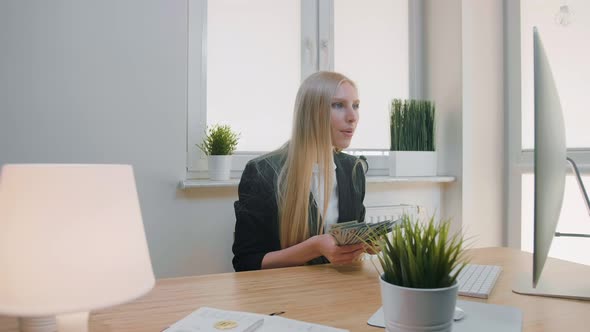 Woman Celebrating Success in Office. Elegant Blond Female Sitting at Workplace Holding in Hands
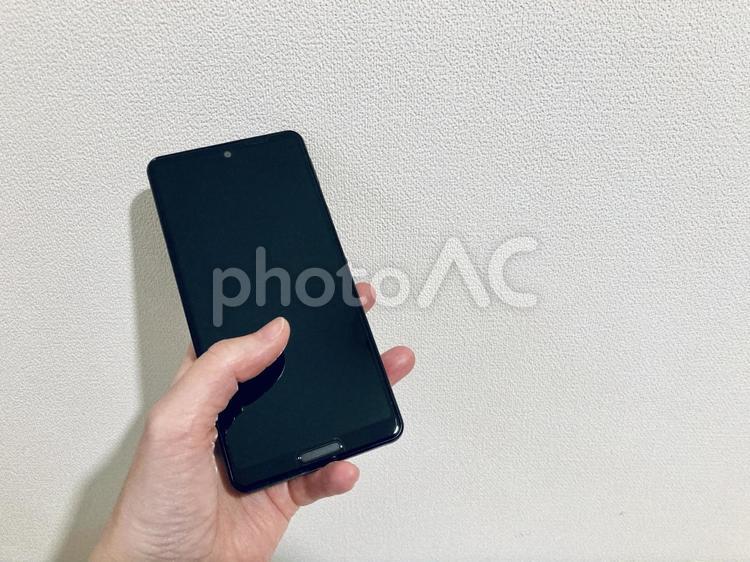 黒いスマホを片手で操作 スマホ,手元,スマートフォンの写真素材
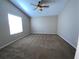 Spacious bedroom featuring neutral-colored walls, plush carpeting, vaulted ceiling, and a large window at 664 San Pedro Dr, The Villages, FL 32159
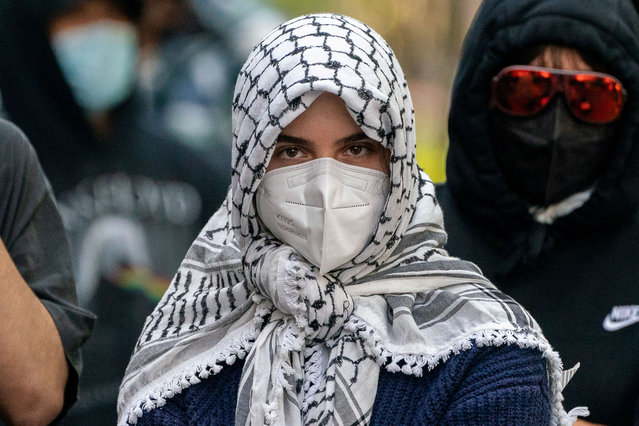 A demonstrator wears a protective mask as protestors gather at the gates of Columbia University, in support of student protesters who barricaded themselves in Hamilton Hall, despite orders from university officials to disband or face suspension, during the ongoing conflict between Israel and the Palestinian Islamist group Hamas, in New York City, U.S., April 30, 2024. (Photo by David Dee Delgado/Reuters)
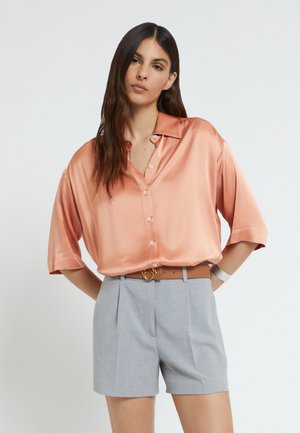 Vrouw met lang donker haar die een losse perzikkleurige satijnen blouse draagt, ingestopt in lichtgrijze, op maat gemaakte korte broek met een bruine riem, staand met handen achter de rug.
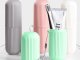 Travel toothbrush case and toothpaste holder with rinse cup, grey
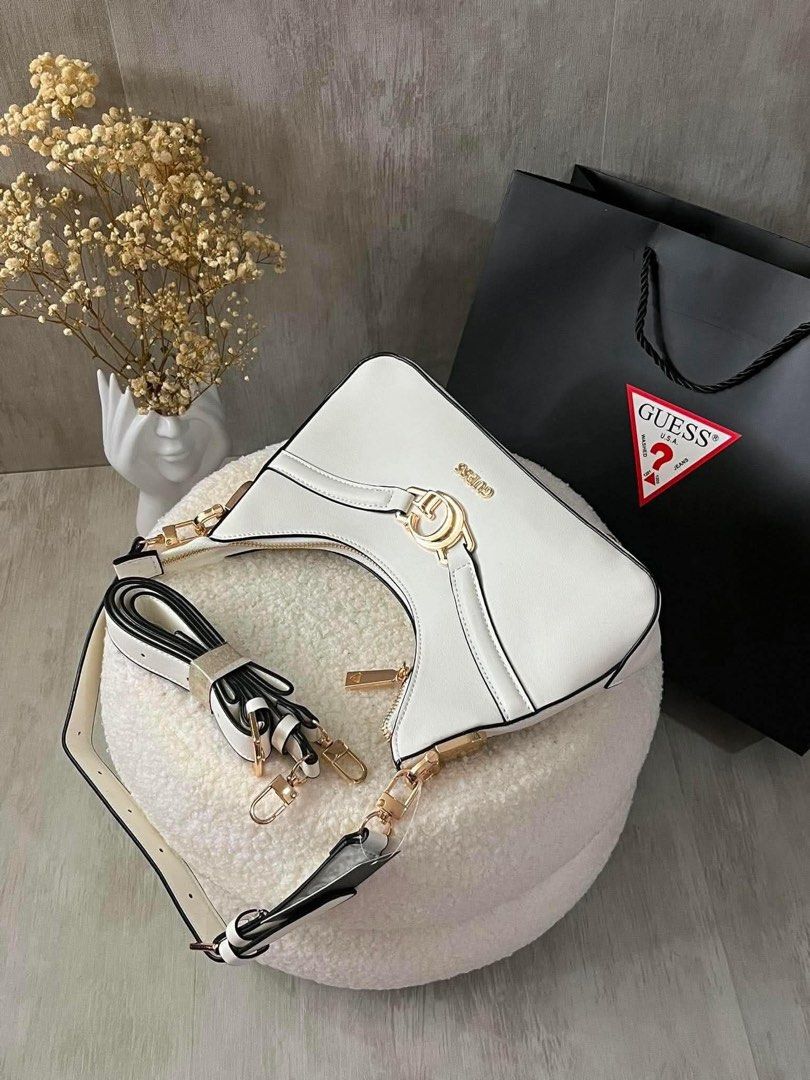 GUESS 2 way SLING BAG (Category: Purses & Pouches) located in Manila. Submitted by businesspform (Listing ID 1464482410, Image 2). Description: 🎀GUESS 2 WAY SLING BAG 🏷️2850 only With dustbag & bag only.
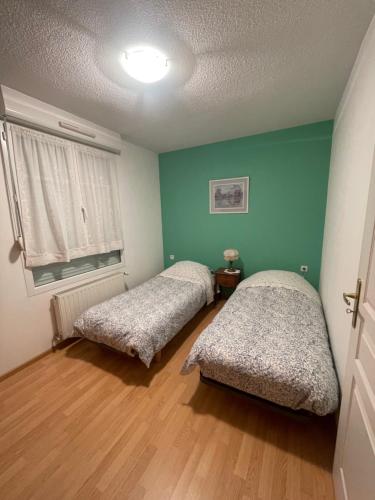 two beds in a room with green walls and wooden floors at Les Myrtilles in Thann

§ Task goal: Write out the lines of the material from the one containing "GUESS 2 way SLING BAG (Category: Purses" through the last, exactly and only those. Leave every picture out.

§ Exercise result:
 GUESS 2 way SLING BAG (Category: Purses & Pouches) located in Manila. Submitted by businesspform (Listing ID 1464482410, Image 2). Description: 🎀GUESS 2 WAY SLING BAG 🏷️2850 only With dustbag & bag only.
 two beds in a room with green walls and wooden floors at Les Myrtilles in Thann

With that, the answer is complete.